Copy the material below verbatim from the line with "Cape Cod Home 995323" to the line with "Прикольні висоні шкарпетки", both lines included, omitting pictures and every line outside that range.

SOURCE RECORDS »
◆ ◆ ◆

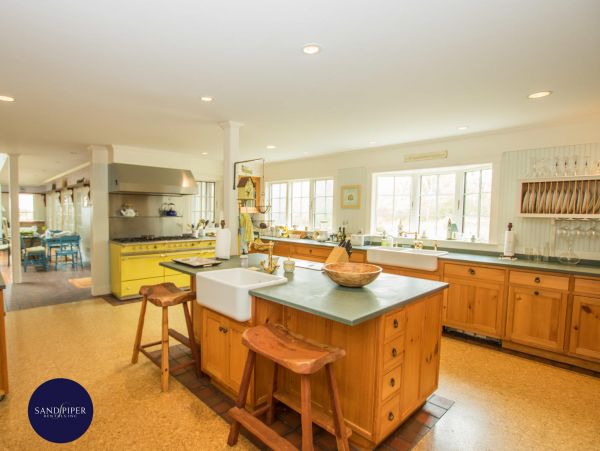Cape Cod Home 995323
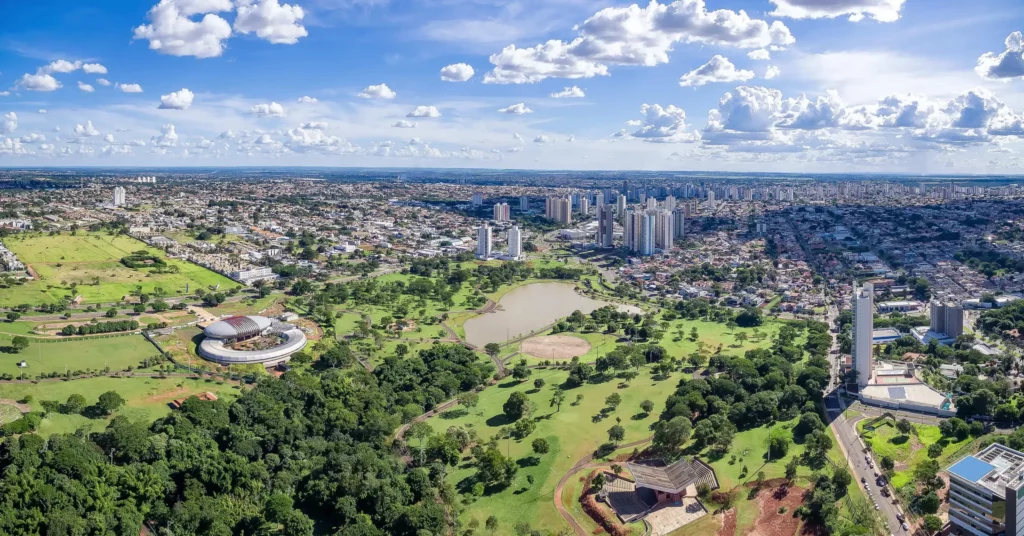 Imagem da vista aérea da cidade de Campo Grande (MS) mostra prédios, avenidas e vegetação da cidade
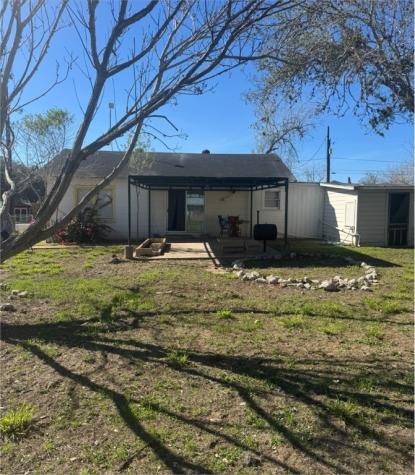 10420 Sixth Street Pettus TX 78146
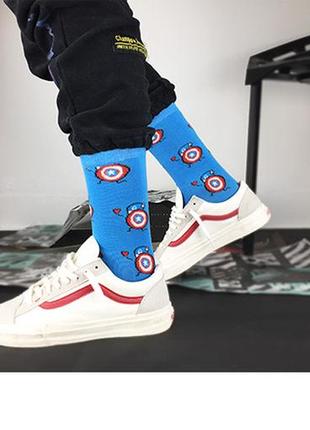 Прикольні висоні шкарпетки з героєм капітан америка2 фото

◆ ◆ ◆

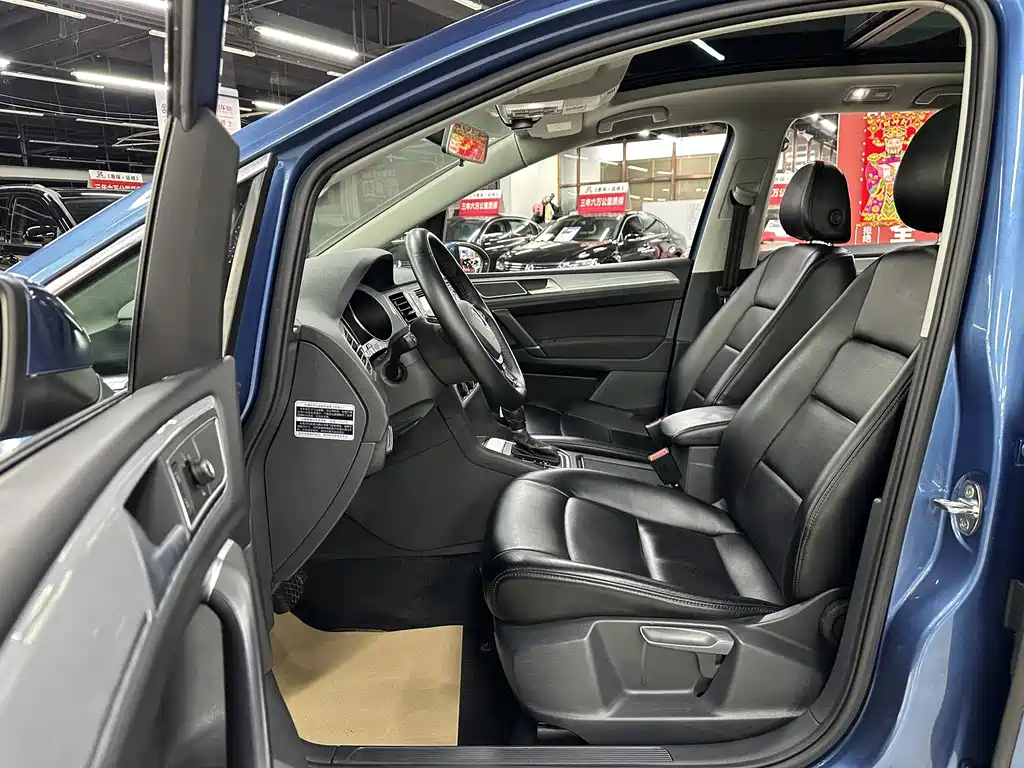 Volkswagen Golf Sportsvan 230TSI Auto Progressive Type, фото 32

◆ ◆ ◆

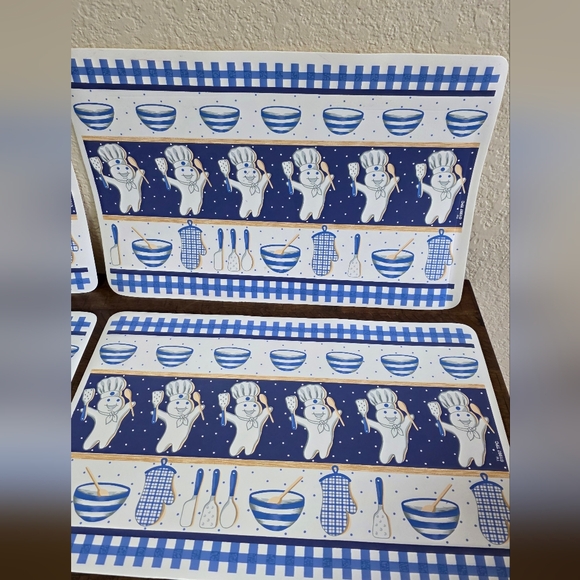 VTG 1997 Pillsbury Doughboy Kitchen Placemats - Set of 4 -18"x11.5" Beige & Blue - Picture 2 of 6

◆ ◆ ◆

RESPONSE TO THE TASK »
Cape Cod Home 995323
 Imagem da vista aérea da cidade de Campo Grande (MS) mostra prédios, avenidas e vegetação da cidade
 10420 Sixth Street Pettus TX 78146
 Прикольні висоні шкарпетки з героєм капітан америка2 фото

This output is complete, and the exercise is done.